What this task involves:
The expected output is the set of lines below beginning at the one that contains "nba2020年选秀前四是谁？快来了解这几位潜力新星！" and ending at the final line, reproduced exactly.

Supplied material:
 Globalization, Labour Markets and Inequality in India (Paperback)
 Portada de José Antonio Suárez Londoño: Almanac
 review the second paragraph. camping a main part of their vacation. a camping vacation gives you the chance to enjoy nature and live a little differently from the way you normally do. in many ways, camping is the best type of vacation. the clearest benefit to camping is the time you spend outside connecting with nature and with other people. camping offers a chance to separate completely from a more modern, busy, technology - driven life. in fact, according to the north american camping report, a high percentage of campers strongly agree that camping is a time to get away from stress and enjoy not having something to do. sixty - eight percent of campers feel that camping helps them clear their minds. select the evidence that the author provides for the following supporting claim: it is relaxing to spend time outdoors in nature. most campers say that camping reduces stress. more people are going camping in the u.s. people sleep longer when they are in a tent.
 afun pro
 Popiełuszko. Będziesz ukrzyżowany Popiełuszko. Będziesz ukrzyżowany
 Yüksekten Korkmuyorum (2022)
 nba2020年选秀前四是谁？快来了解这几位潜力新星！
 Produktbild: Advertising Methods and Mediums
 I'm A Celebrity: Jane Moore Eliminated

Answer area:
 nba2020年选秀前四是谁？快来了解这几位潜力新星！
 Produktbild: Advertising Methods and Mediums
 I'm A Celebrity: Jane Moore Eliminated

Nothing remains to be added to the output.